I'm writing this while cooking the lamb we're going to eat on the 13th. It's been slow cooking for 3 hours and it's like 4am so I'm getting a little delirious - I hope this all makes sense. We've now written so many letters that it's hard to find more ways to describe everything great that you are - or at least hard for me, uninspired with a bad vocabulary. I thought it'd be good to talk about myself a little - and my feelings - and I know you know how much harder that it is for me than for you.
Earlier on in our relationship - I sometimes used to worry if I really loved you, or if I was just fulfilling a role of someone loving someone, if that makes sense. It wasn't about you - I think I had the impression that I was too passionless or weird to truly love anyone - even my family, and my whole life I'd have to fulfill all these roles - son, brother, boyfriend out of some misplaced sense of duty, and not a genuine love, whatever that means.
Part of the reason was something you said which really was true - at the start of any relationship you're obsessed with each other. I think I was really obsessed with you. You were so mature and responsible - and you just knew what to do and what to say and I felt so clumsy (emotionally not physically I'm very balanced and poised.) I really admired you - I thought you could do nothing wrong. This view, I think, stopped me from perceiving you entirely as you are, and just this ideal - someone perfect, who knew everything.
Anytime something you did hurt me, even if it was minor, it was so weird to me - becaause it was so incongruent with this view I'd built up of you in my head.
I don't know when it was - I think a few months ago, I was sitting around thinking, which you know I rarely do. This is going to sound goofy, but I think for the first time, I understood what I'd been doing, and I finally started thinking of you as a normal human being, and not this ideal (I think I'm phrasing that wrong, but I hope you get what I mean.) I understood that of course you, like anyone else, had flaws - but it only served to contextualise everything great you did and you are. It made me appreciate all your strengths - how sweet, how loving you are, how cute your laugh is, how easy it is to love you - because you're just like anyone else, and you're still such a great girlfriend.
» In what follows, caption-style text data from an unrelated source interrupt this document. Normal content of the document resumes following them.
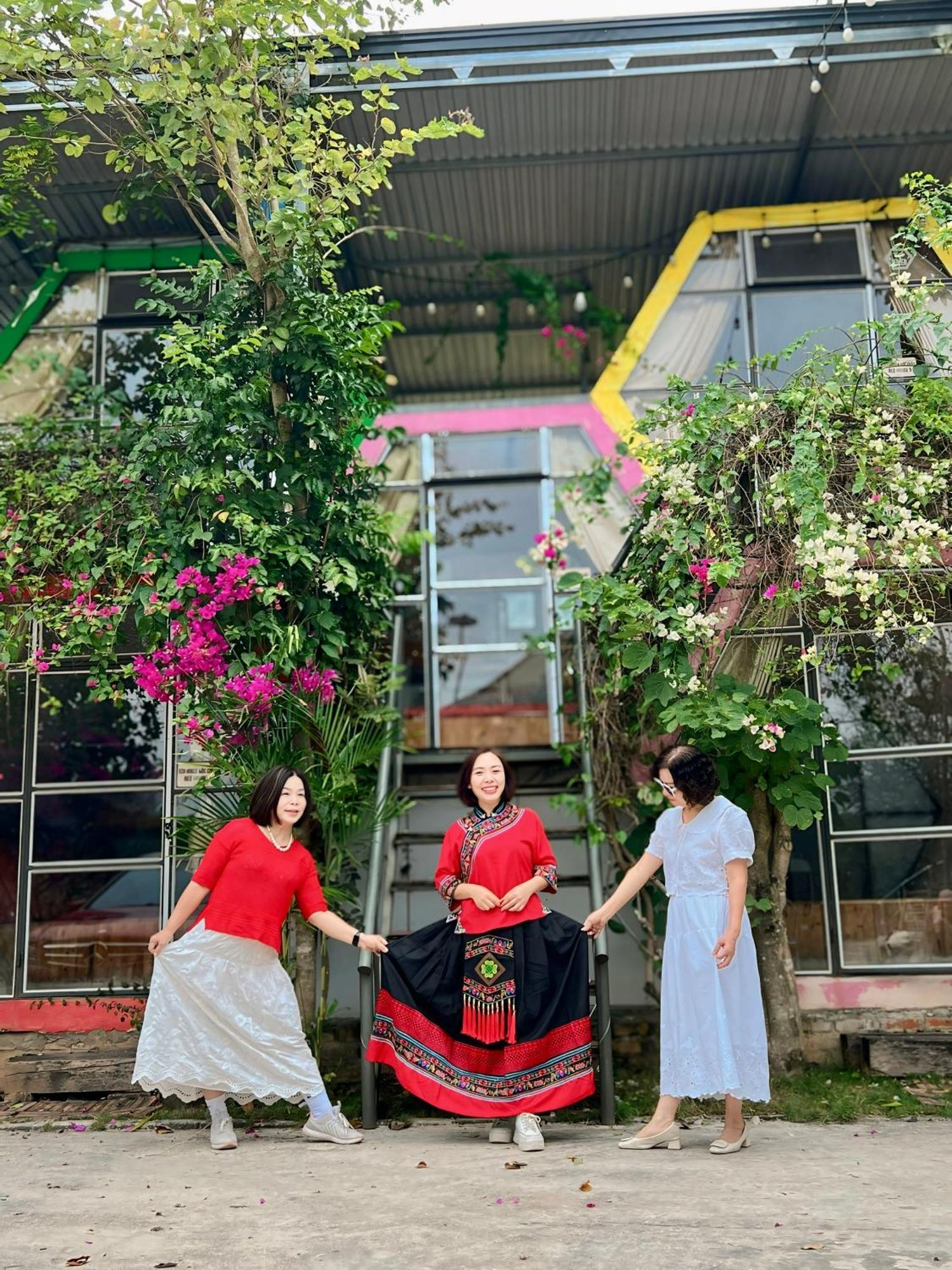 Eco House Moc Chau Bed and Breakfast Εξωτερικό φωτογραφία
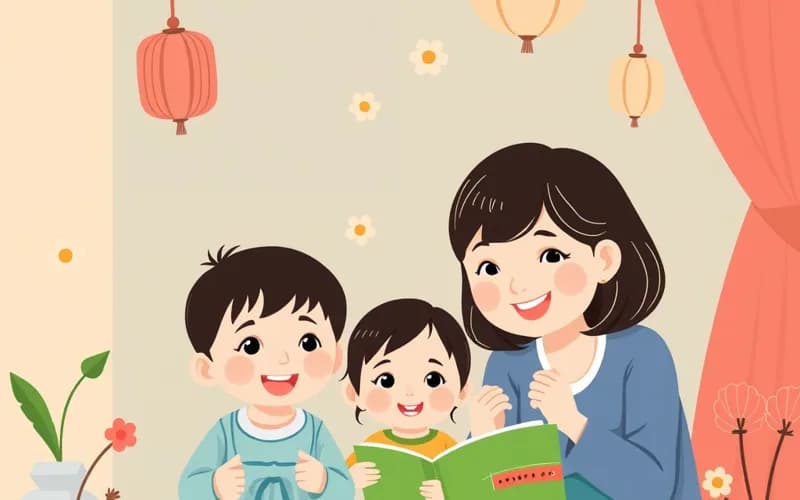 Bí quyết giữ hôn nhân bền vững của cặp đôi chênh lệch tuổi - truyện thiếu nhi VienanKids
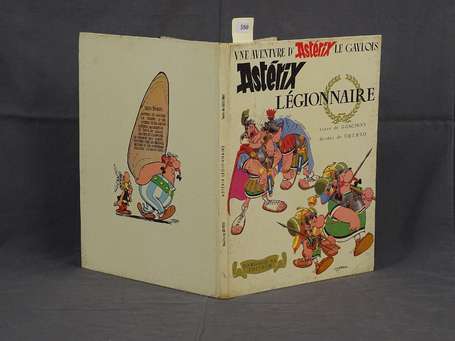 Uderzo : Astérix 10 ; Astérix légionnaire en 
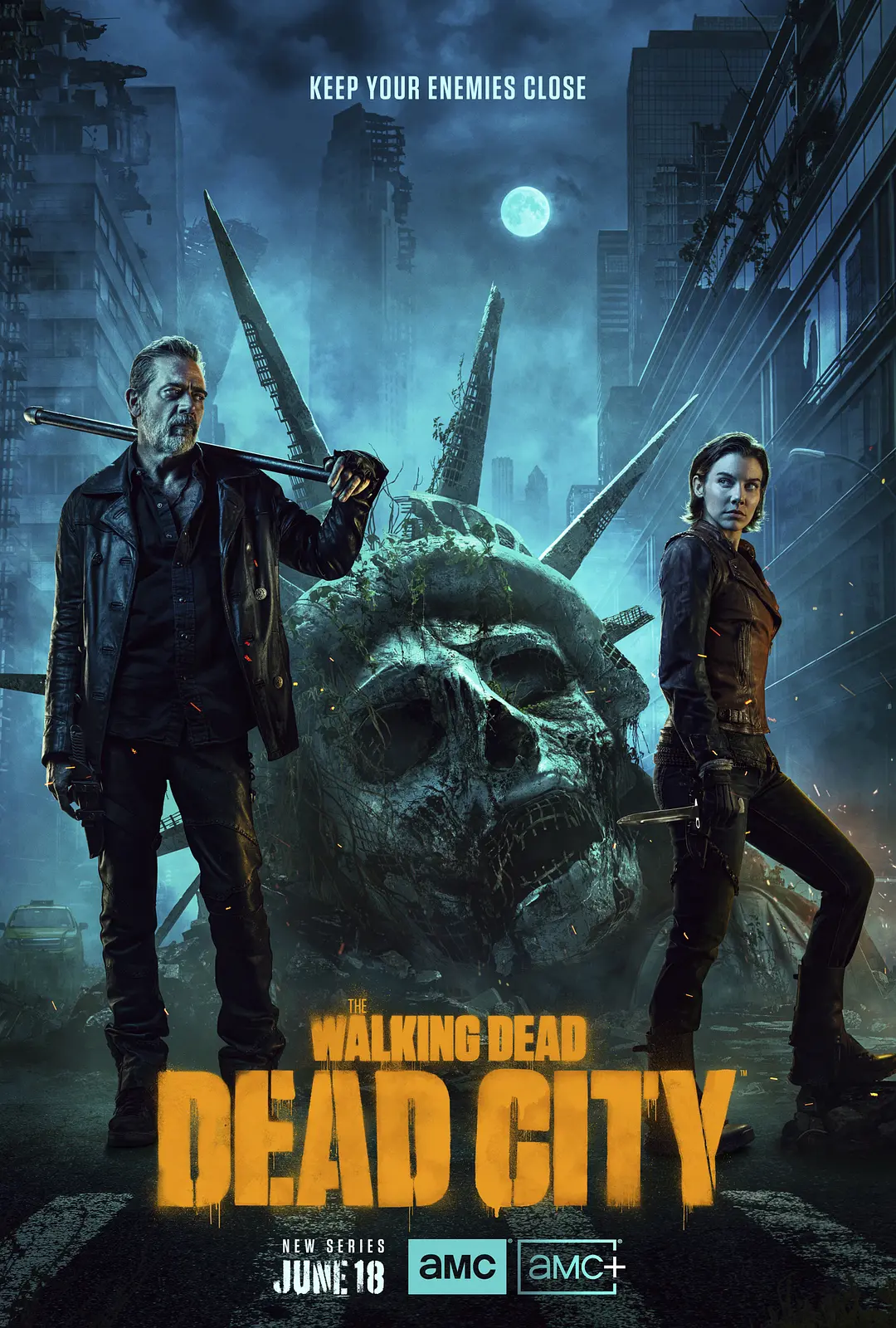 行尸走肉：死亡之城 The Walking Dead: Dead City (2023)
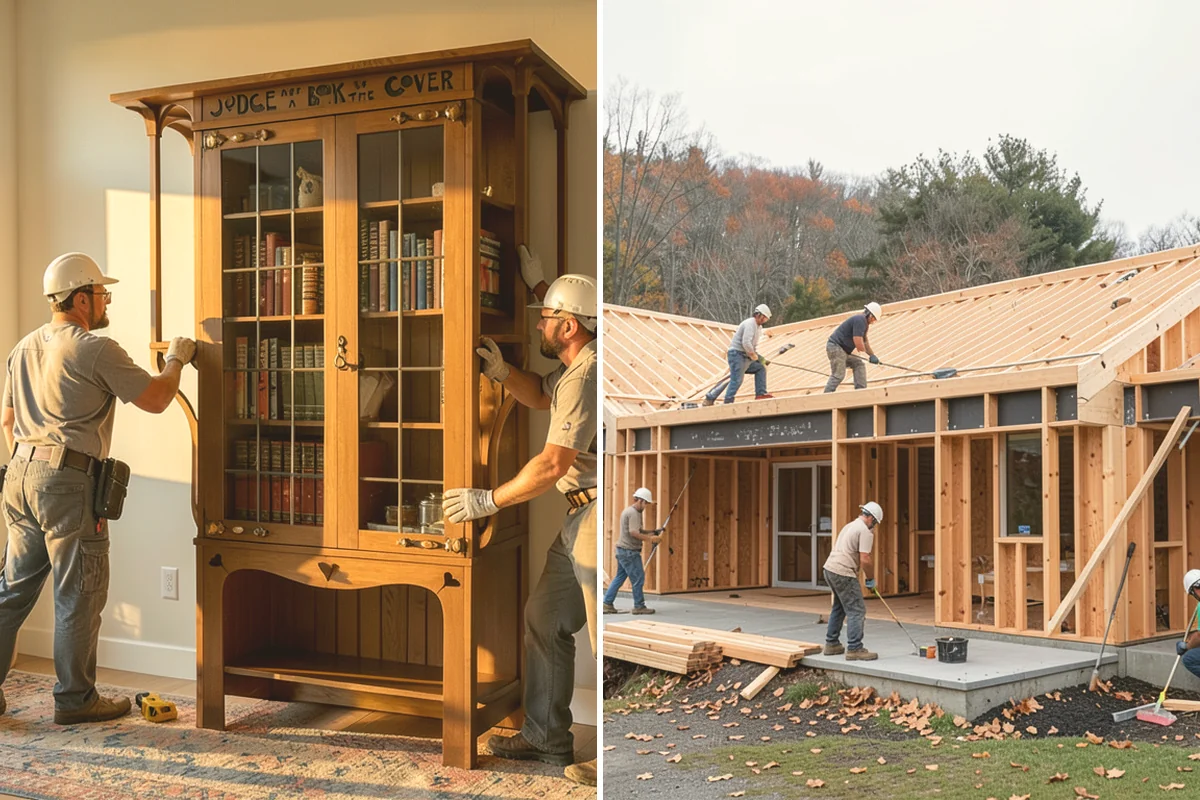 Carriage House Construction in Index, Snohomish County, WA - We plan the carriage house layout and placement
This is a little like that meme that says "man does shrooms and discovers empathy", I know - and it's embarassingly a little true for me - but its "man dates Aneilia and discovers empathy". Sometimes I think when I was younger, I was an automaton who only had like 3 emotions - (hungry/thirsty/tired/sad, happy, horny). Getting older - and of course meeting you, it's like I've unlocked 30 new ones and sometimes it confuses and scares me. I don't think I had it in me to get jealous before, or find things cute, or want to keep someone safe and happy like I do with you. Not to be too cliche, but it was like living in black and white before you .
It would mean so much to me if we stayed together for a long time - but even if we don't, I want you to know how grateful I am for you. There are so many little things about you, things you've said - that have fundamentally wormed into my brain and I'll always keep those fondly.
My clothes are in the washing machine right now - my mum used to always tell me you have to put two washing pods to make sure the clothes are properly clean - sometime last year, I think you saw me putting 2 pods into my circuit laundry, and you told me that one pod is more than enough. You were right, as always, and it's dumb shit like this that I think about all the time. Every aspect of my life is now coloured with a little bit of Aneilia - and with my autisticly good memory, I don't know if that'll change for a long time.
Every day I find you more beautiful and I really do love you more. I hope you're having a great day today, and you can feel how much I love you. At the bottom of this page is the first spotify playlist I made for you - I've been listening to it a lot recently. We should make a new one together, so I can listen to it and think of you when we're apart.